▸ Task objective: A verbatim transcription of the listing below is required, without its pictures.

** Data extract follows **

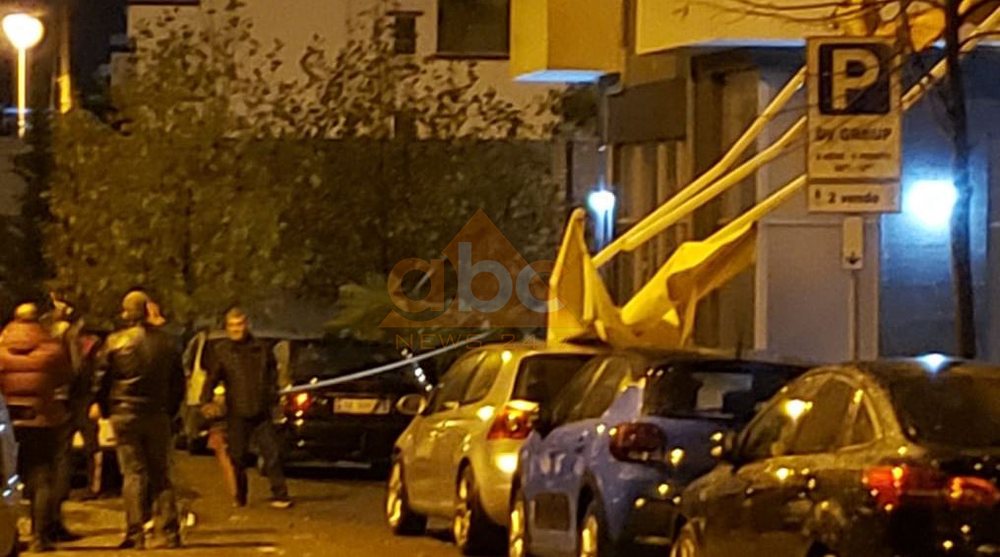 Shp&euml;rthimi me tritol n&euml; Tiran&euml; nj&euml; paralajm&euml;rim? Pista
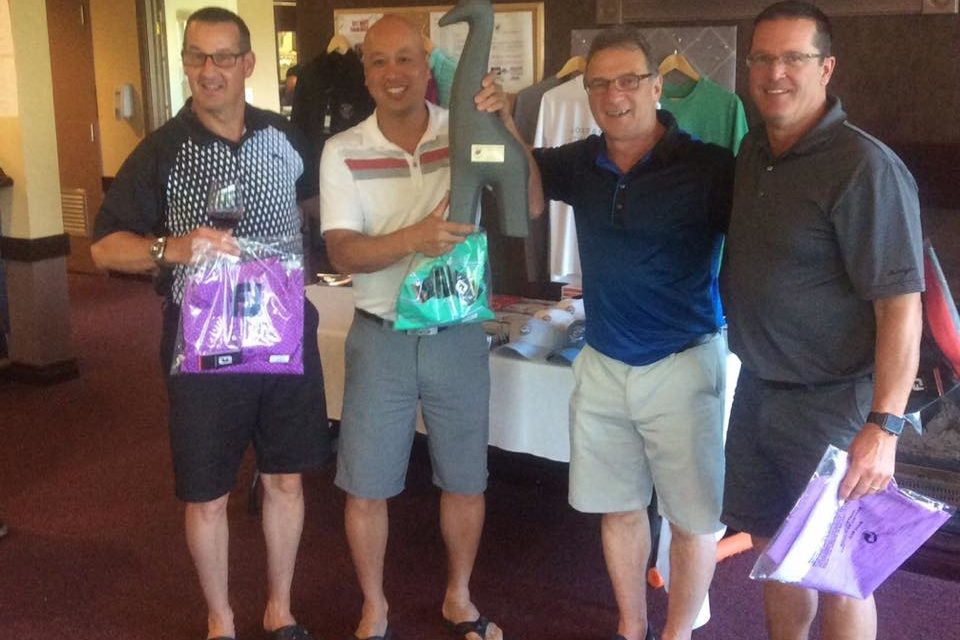 North Bay Golf Opening Men’s Stag Results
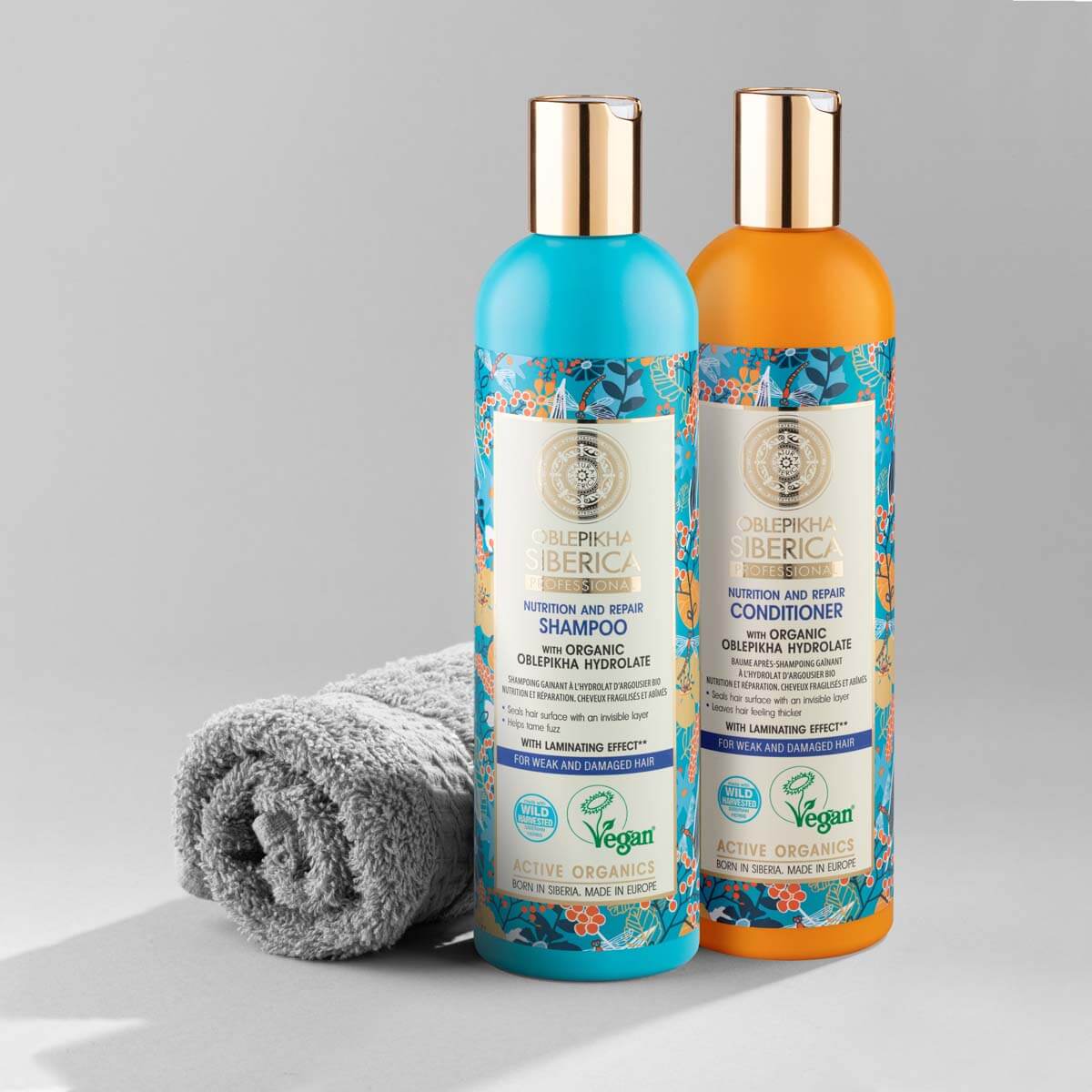 szampon natura siberica oczyszczający blog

** End of Data extract **

▸ Solution:
 Shp&euml;rthimi me tritol n&euml; Tiran&euml; nj&euml; paralajm&euml;rim? Pista
 North Bay Golf Opening Men’s Stag Results
 szampon natura siberica oczyszczający blog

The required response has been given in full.